2 Chiefs on What It Takes to Improve Schools

July 18, 2018

Since the Every Student Succeeds Act passed in December 2015, we have been convening national experts and education policy leaders to discuss how best to capitalize on the opportunity for greater state leadership and educational improvement. These conversations have yielded some common recommendations for policymakers and education leaders as they continue ESSA planning and implementation.

To keep this conversation rolling, we asked a couple of state chiefs their thoughts on what is needed to move the needle on school improvement and student success generally. Some of the must-haves include a clear vision, buy-in from stakeholders, strong leadership, connections to the community and attention to equity.

Carey Wright, state superintendent in Mississippi, and Tony Smith, state superintendent in Illinois, took us through some of their thoughts on these issues. (For a more thorough guide for state school improvement efforts, see our new resource.)

What does a strong vision for education look like?  

Carey values a vision that builds buy-in: “A good state vision for education should be aspirational yet attainable. Teachers, principals, parents, students and communities should all be able to see themselves in the vision and see their individual roles in helping the state achieve the vision.”

Tony notes the importance of context and linked public systems: “In Illinois, our focus is on the whole child, the whole school and the whole community. I think public systems that include and serve more people have greater long-term benefit.”

Building a strong vision helps stakeholders understand the principles guiding state and local leaders’ decisions, Tony notes. “People may not always agree with a decision; however, if they understand why a decision was made, then trust can build over time.”

Why is community context critical to school improvement?

“People talk about school improvement in isolation from all other systems and policies that are in play in every community. We need to understand the school in the context of the community,” Tony says, adding that each community has unique needs and assets. “Value the insights and capacity that local people bring to the table.”

How can state leaders build buy-in?

Both leaders agreed that trust is central to building buy-in. State leaders must “model what they say and deliver on their promises,” Carey says. “To trust me, you have to believe in what I say.”

Tony adds that “as state and local leaders, we shape the conversation and outcomes with the language we use.”
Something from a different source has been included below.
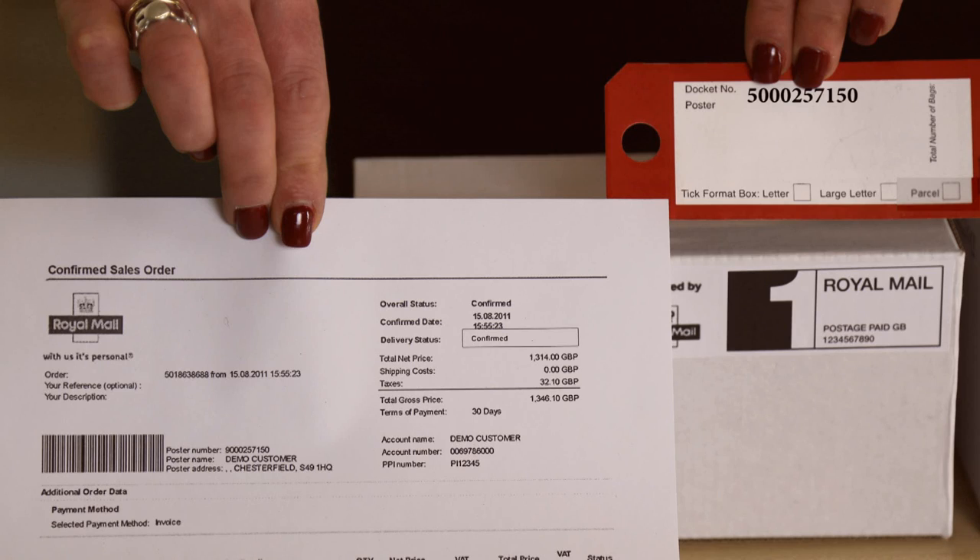For each bag label, add your online business account sales order number, which you will find on your OBA sales order summary. Your printed postage impression number, which you will find on either your sales order or on your PPI logo.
And trust goes both ways. Leaders at all levels must “believe everybody comes to work to do the very best they can,” engaging in what Carey calls “an asset-based mindset.”

How do you build strong leaders?

Carey’s experience is that “state leaders are most effective when they partner with district leaders and focus on building district leaders’ capacity to perform at their highest levels.”
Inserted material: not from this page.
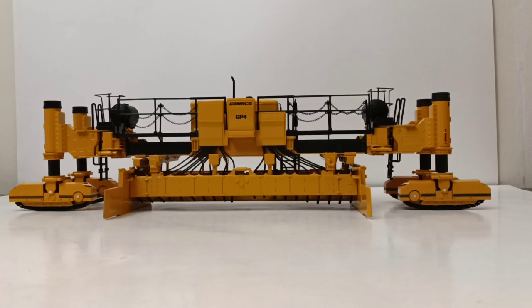Welcome collectors, thank you for joining me for this episode of Diecast Emporium. In today's video we're going to be checking out the Diecast Masters Gomeko GP4 Slipform Paver in 1-32 scale.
To take on the challenge of improving lower-performing schools, she says state and local leaders must develop and retain highly effective school leaders who have the skillsets to lead school transformation. These school leaders need “sufficient autonomy” balanced with “guardrails and guidance from district leadership.”

“The work of school improvement does not happen in a vacuum,” Carey says. “The principal is the second most impactful factor in a school when it comes to improved outcomes, with the classroom teacher being the first.”

Why is equity important in school improvement efforts?

Tony says, “Depending on a few people to achieve success has not gotten us where we want to go.” He adds that “equity is the superior growth strategy to multiply potential and unleash possibility.”

Carey emphasized that “the same level of commitment demonstrated by our state’s legislature to improve literacy must be extended to support school transformation and promote equity.”

What do you want other state leaders and policymakers to know?

Tony: “Change happens when we (1) build a shared commitment to the why — social, civic and economic security; (2) relentlessly expect the same what — ensuring all children have the access and supports to thrive; and (3) remain wide open to the how.”

Tony believes in being “a principle-based leader, rather than a program-based reformer.” In his career as an education leader, he’s found that “guiding principles are more transferable and effective than introducing new programs or models from other contexts.”